Das angestrebte Autarkieprinzip gilt auch für die Versorgung mit Nahrungsmitteln: Ein Großteil (ca. 60 %) soll selbst produziert werden. Von den Überschüssen werden nicht eigens produzierte Güter zugekauft, um die ökonomische Unabhängigkeit zu stärken. Dazu mußten kleine Werkstätten, Speichermöglichkeiten, Stallungen und ein Wirtschaftstrakt zur Verarbeitung der eigenhergestellten Lebensmittel und Produkte eingeplant werden.

PREISWERTER BETRIEB

Weitgehende Unabhängigkeit von Spendengeldern ist jedoch nur dann möglich, wenn sowohl die Baukosten, als auch vor allem die Instandhaltungs und Betriebskosten so niedrig wie möglich gehalten werden.

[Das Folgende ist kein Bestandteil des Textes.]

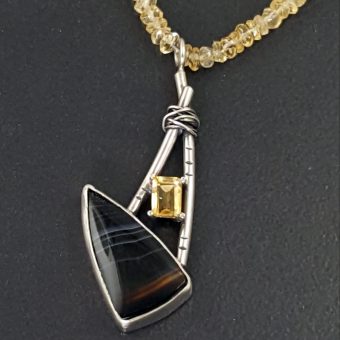 striped onyx citrine necklace Michele Grady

Der Entwurf von David Knoke, der seit 1993 Architektur an der TU Berlin studiert, berücksichtigt all diese Punkte. Sein Haus hat Platz für mindestens 70 Kinder, rund zehn betagte Menschen und etwa zehn Lehrer und Betreuer. Holz und Keramik sind im wesentlichen die Materialien, die er für die Innenausstattung vorschlägt. Als Preis für seinen prämierten Vorschlag bekommt David Knoke einen Flug nach Peru und eine Rundreise an die Stätten der Inka finanziert.

Das Zentrum wird, entsprechend den Spendenaufkommen, in Abschnitten gebaut werden. Vorgesehen ist jedoch, daß es bereits vor der Gesamtfertigstellung für eine kleinere Anzahl von Kindern betrieben wird.